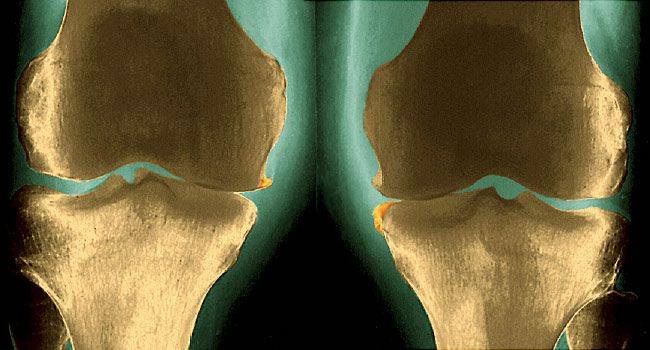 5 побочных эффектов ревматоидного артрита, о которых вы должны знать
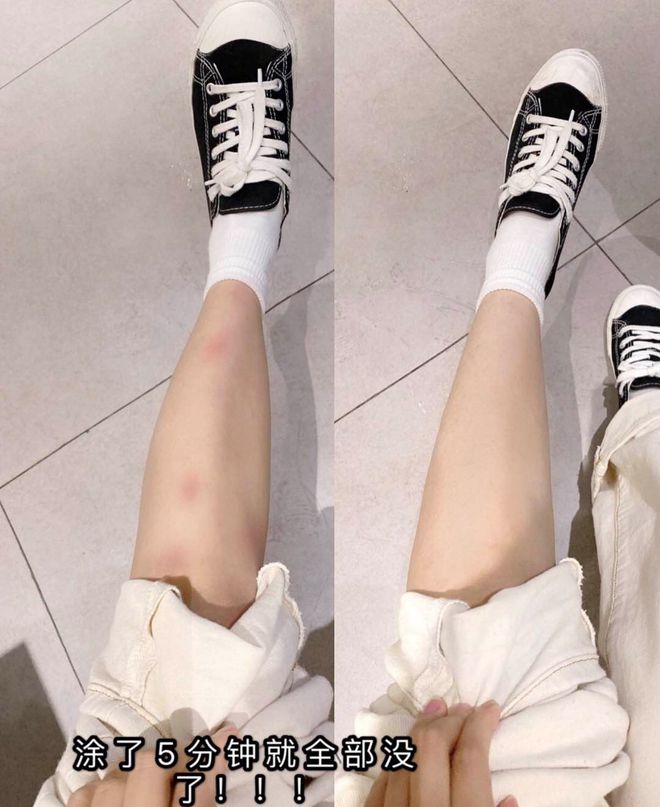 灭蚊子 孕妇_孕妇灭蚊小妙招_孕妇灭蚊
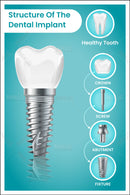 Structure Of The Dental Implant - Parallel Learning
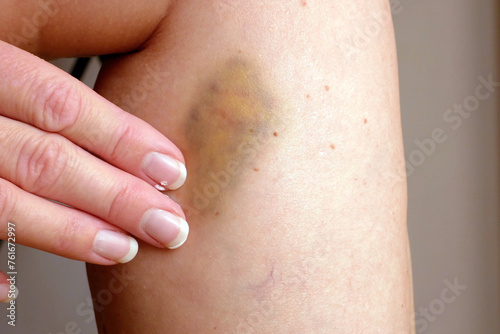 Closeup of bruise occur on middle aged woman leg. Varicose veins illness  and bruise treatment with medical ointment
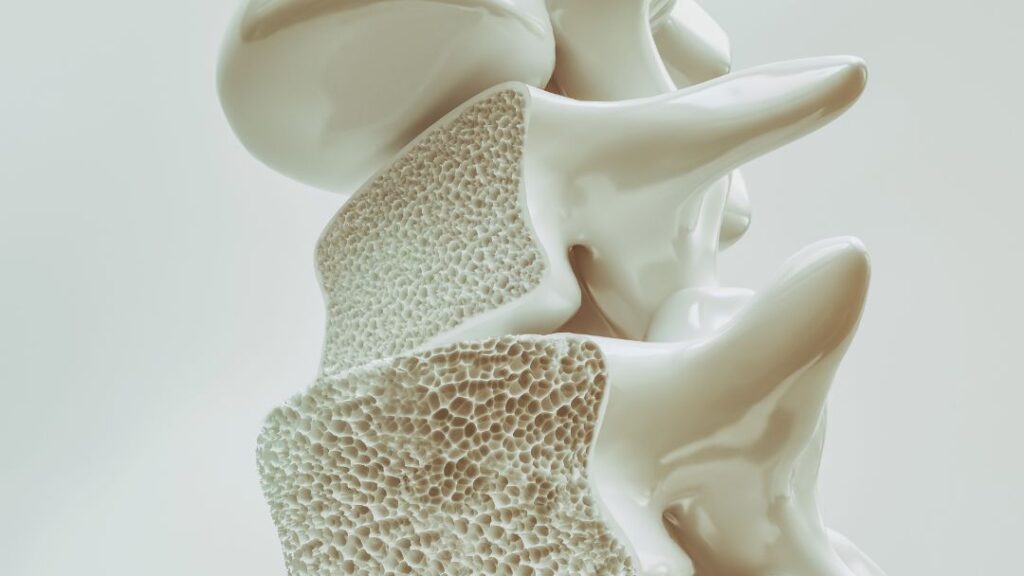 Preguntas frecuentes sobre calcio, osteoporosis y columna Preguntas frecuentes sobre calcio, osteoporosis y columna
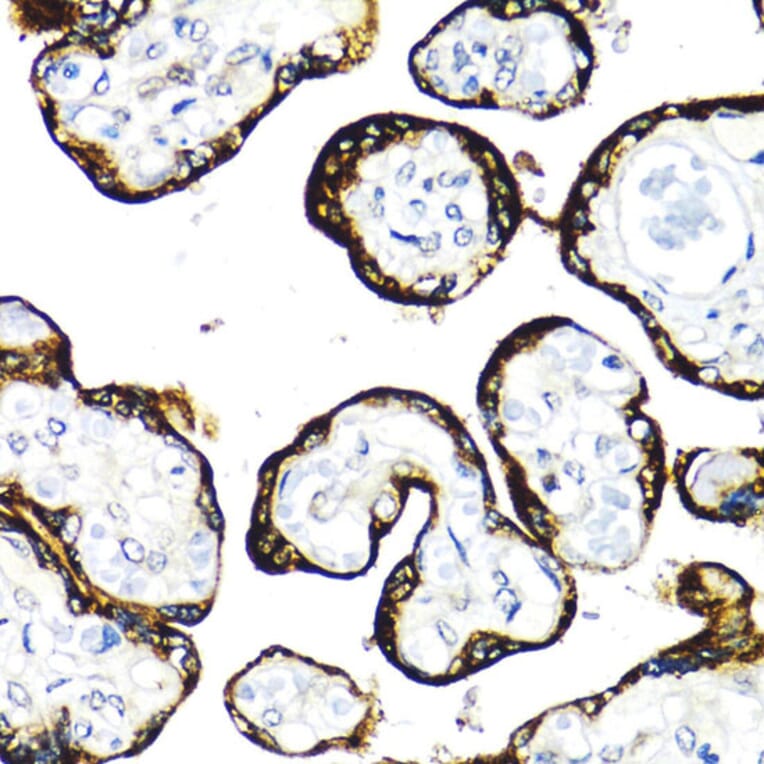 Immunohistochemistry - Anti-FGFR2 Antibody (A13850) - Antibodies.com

------------------------------------

# What needs to be done
In the records above, find the line with "Closeup of bruise" and the line with "y columna Preguntas", then restate word for word only those two lines and all lines between, omitting pictures.

# Response to the task
 Closeup of bruise occur on middle aged woman leg. Varicose veins illness  and bruise treatment with medical ointment
 Preguntas frecuentes sobre calcio, osteoporosis y columna Preguntas frecuentes sobre calcio, osteoporosis y columna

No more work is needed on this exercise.